В отличие от других попавших в шлюпку, людей порочных и трусливых, Джим оказался в ней «по ошибке», вместо скончавшегося от сердечного приступа кочегара. Для него, юноши искреннего, человека долга, прыжок за борт, в ночь в какой-то степени иррационален, подобен падению в бездну с высоты мачты. Но дело не только в этом стихийном выборе под знаком случая и смерти, не только в равнодушии природы, не только в прыжке в ночь, в черные воды неизвестности (таков конрадовский эквивалент Крещения), но и в том, что волею судьбы — а в большинстве произведений Конрада, как и у его современника Т. Харди, судьба выступает роковой силой, самим шопенгауэровским фатумом — Джим получил религиозное воспитание. Его отец, священник, старался привить сыну пуританское представление о честности, о доверии к Провидению, к установленному порядку вселенной, о добродетели и благопристойной смерти. И вот голубоглазый молодой человек, воспитанный в духе англосаксонского идеала, на высоких словах, этот идеал освящающих, познает их неприложимость к современному бытию. Признав на практике иллюзорность «фальшивого героизма», он оказывается «дезертиром» (впоследствии этот конрадовский поворот сюжета будет использован Э. Хемингуэем в романе «Прощай, оружие!»), попадает в плен «темной истины», «грозной тени самопознания», а также вечно длящейся, но не приносящей облегчения исповеди.
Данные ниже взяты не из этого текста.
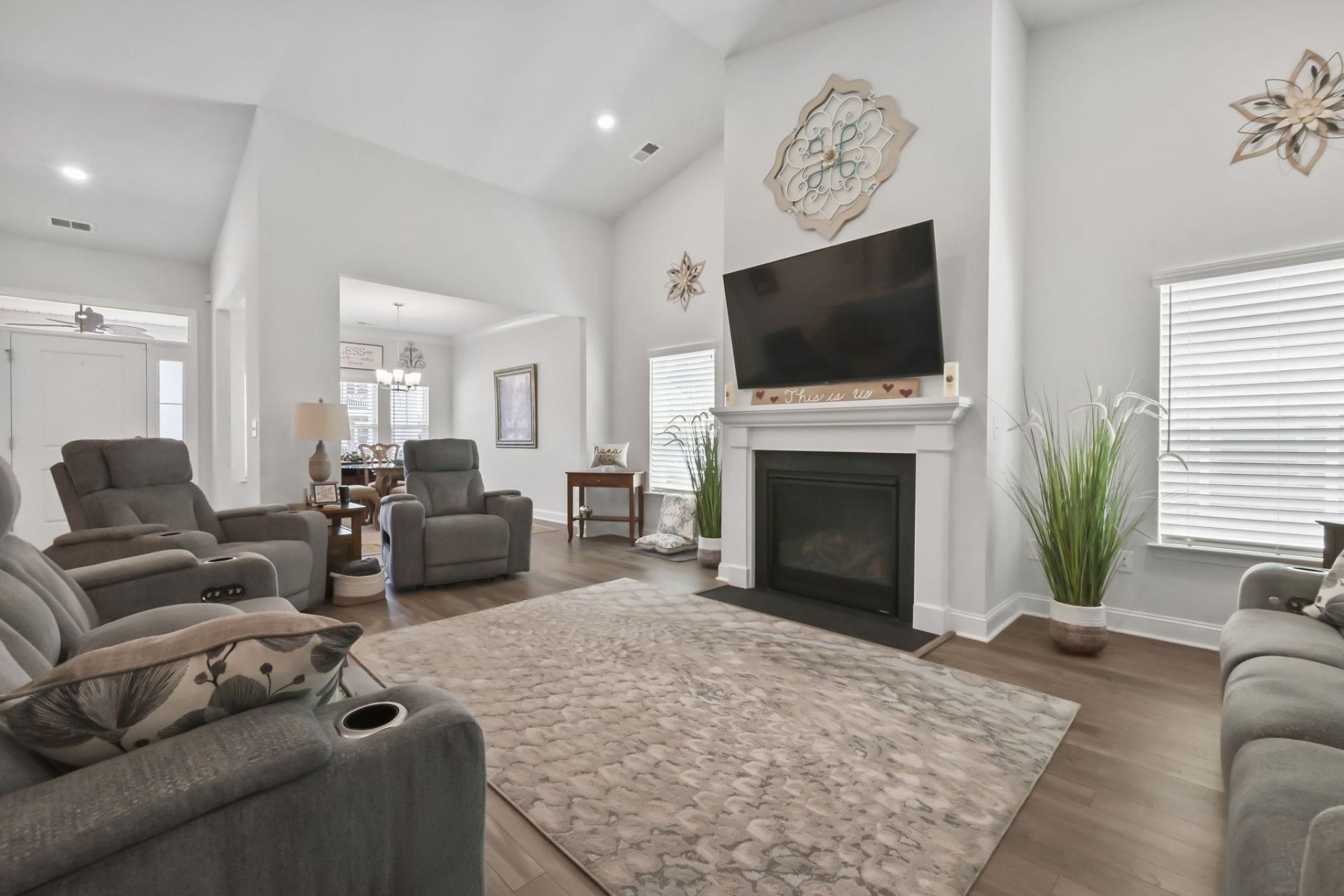 1080 Harbison Circle  Photo 14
Однако открытие Джимом своего рода первородного греха не лишает его воли к действию. Более того, в борьбе с этим «демоном» он становится самим собой — носителем бремени сугубо личного идеала, искателем апофатически сформулированного абсолюта. Существенно, что эта почти что ницшевская любовь к року, к страданию часто воспринимается со стороны как слабость. По ходу дальнейшего повествования, где по желанию Марлоу сталкиваются между собой самые различные точки зрения на поступки Джима, постепенно проясняются и общая картина событий, и образ Джима «неизвестного». Венчает же роман характерная для конрадовской манеры трагико-ироническая концовка. Бывший штурман волею судьбы улаживает кровавый гражданский конфликт на Патюзане, одном из островков Малайского архипелага. Однако голос разбуженной им самим тьмы искушает миротворца (малайцы нарекают его Тюаном Джимом — то есть Лордом Джимом) и там — причем в тот самый момент, когда он вот-вот готов обрести счастье в мире «примитива», реализовать мечту о земном рае, которая отражена в полотнах П. Гогена и в биографии РЛ. Стивенсона. Вестником изгнания из «Эдема» становится случайно попавший на Патюзан авантюрист Браун, который пытается захватить остров и, цинично полагая, что всякая добродетель корыстна, обманывает Джима, из-за чего гибнет сын местного правителя. В результате «бог» (англ.

Lord — не только «лорд», но и «повелитель», а также Господь) — беспорочный
Джим — отдает себя в руки разгневанного раджи, и тот застреливает его.

Подобное жертвоприношение, мало кем понятое, подчеркивает, что Джим, уйдя от иллюзий юности, соблазна «аркадского счастья», все-таки не проиграл поединок с жизнью, а ценою смерти добился особой победы в поражении («Романтика наметила Джима своей добычей», — поясняет Марлоу). Этот победитель — не прекраснодушный герой

, а только, и только, человек, предельно одинокий искатель ускользающей от него правды — по логике романа, самого горького из лекарств, какое может быть принято ради спасения как от вечных обманов жизни (или «иронии судьбы»), так и от ее «разрушительной стихии».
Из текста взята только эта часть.